According to a law enforcement source, the spike in gun violence is a direct result of the Miami-Dade Police Department putting an end to special task forces that tackle street crime. The days of the jump-out boys rounding up drug dealers, robbers, and killers are over.

The reason? Police are overreacting to black activists' complaints about law-abiding citizens getting thrown into jail along with the criminals, the source says. Miami-Dade's Northside District, which is responsible for enforcing the law in many of the county's predominantly black neighborhoods, is no longer looking for dope holes and is conducting fewer undercover sting operations or sweeps.

Right now it's a free-for-all, and the bad guys know it.

I called Miami-Dade Police Director Juan Perez for comment, but a department spokesperson didn't immediately respond. I'll add his comment if he bothers to call back.

The regular folks who aren't breaking the law are living in fear. They are terrified to call police because gangbangers kill snitches. According to my source, the top brass has made it clear they won't send officers unless they get an emergency call. It's a Mexican standoff between community activists and Perez.

What the director fails to grasp is that activists are simply trying to stop police from kicking down the wrong doors. No one wants a gun shoved in a baby's face. Community leaders want the police to do their job right. Their training teaches them not to treat black people like residents of a Third-World country, and they shouldn't. But we want the killers and the drug dealers off the streets more than the police do.

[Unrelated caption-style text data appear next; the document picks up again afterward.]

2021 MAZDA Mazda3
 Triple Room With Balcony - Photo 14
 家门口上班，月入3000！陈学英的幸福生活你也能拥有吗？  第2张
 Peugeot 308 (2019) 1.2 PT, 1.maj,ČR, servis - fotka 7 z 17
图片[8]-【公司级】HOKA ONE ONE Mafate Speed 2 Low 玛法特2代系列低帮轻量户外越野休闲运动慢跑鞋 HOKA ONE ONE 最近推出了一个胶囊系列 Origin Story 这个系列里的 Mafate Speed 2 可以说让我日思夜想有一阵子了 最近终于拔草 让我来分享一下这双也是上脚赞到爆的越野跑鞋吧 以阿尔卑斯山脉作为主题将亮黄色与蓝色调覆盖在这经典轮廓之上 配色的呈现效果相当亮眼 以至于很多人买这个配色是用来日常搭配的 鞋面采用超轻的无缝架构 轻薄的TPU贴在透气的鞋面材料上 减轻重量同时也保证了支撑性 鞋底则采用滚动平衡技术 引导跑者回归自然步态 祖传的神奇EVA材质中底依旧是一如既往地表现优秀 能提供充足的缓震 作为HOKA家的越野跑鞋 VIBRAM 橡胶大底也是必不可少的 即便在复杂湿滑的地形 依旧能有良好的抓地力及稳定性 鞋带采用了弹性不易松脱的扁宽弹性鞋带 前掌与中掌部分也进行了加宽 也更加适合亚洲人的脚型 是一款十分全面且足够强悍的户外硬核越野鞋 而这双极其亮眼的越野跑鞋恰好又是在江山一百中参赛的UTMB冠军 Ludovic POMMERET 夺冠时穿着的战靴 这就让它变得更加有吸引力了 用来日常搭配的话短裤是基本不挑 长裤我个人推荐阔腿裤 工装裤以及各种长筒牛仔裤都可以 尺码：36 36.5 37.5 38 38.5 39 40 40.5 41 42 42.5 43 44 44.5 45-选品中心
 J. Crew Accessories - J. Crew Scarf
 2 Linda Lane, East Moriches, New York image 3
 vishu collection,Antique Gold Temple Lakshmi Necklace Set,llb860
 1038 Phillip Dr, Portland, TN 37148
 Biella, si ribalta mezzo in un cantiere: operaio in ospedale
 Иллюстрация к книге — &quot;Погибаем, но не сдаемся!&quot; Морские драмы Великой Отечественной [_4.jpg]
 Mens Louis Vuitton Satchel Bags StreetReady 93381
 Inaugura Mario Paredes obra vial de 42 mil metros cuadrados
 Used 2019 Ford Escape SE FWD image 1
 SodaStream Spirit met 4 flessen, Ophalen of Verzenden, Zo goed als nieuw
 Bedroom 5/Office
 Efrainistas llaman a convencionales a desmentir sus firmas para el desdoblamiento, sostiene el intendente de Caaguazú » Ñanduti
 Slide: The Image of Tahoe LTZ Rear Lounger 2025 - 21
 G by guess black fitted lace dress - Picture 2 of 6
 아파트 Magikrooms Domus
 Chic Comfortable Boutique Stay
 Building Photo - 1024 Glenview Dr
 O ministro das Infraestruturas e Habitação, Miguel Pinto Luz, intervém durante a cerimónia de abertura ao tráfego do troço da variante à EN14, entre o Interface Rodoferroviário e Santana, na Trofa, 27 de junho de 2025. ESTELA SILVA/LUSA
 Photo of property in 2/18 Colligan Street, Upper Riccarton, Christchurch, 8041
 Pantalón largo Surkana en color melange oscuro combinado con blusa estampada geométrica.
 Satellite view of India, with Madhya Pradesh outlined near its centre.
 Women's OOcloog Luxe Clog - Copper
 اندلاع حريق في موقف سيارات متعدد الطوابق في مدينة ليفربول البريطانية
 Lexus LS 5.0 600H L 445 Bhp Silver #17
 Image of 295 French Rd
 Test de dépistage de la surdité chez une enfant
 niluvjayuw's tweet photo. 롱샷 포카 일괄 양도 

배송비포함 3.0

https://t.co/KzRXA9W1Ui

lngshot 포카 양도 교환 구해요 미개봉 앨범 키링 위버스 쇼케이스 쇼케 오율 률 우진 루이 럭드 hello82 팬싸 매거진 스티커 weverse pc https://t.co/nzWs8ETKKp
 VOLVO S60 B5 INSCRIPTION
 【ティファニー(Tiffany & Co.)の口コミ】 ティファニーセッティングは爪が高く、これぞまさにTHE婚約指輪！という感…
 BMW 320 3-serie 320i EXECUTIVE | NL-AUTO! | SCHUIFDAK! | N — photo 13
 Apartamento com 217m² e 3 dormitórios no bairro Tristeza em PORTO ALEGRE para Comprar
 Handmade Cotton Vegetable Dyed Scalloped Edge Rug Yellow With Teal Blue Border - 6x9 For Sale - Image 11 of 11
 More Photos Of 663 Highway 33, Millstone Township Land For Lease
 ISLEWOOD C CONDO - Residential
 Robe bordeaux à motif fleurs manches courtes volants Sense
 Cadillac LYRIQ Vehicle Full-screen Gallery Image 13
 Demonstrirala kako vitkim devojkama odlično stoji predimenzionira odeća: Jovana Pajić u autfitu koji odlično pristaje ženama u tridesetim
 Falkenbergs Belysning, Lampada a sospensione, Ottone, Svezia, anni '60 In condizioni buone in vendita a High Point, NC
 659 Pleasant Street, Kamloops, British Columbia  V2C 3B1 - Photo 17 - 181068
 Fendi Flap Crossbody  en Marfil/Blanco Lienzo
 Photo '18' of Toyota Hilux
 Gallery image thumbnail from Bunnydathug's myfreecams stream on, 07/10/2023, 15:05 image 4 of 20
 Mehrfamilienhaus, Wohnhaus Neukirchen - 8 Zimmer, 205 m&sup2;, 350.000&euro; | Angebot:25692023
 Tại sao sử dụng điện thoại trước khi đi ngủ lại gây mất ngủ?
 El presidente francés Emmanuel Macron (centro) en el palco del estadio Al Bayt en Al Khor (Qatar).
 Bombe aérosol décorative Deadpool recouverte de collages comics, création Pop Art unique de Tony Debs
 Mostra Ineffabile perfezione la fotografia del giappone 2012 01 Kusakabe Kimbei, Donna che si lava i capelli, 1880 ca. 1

Black residents of unincorporated Miami-Dade want to be able to walk their dogs at night or let their children play in the park without fear of getting shot. It's time to bring back real policing. If Perez doesn't want to let his officers do their jobs, Mayor Carlos Gimenez needs to step in. The mayor should get a police director who knows how to balance enforcing the law and protecting people's civil rights, as well as telling officers how to conduct themselves.

Maybe it's time for a new police director.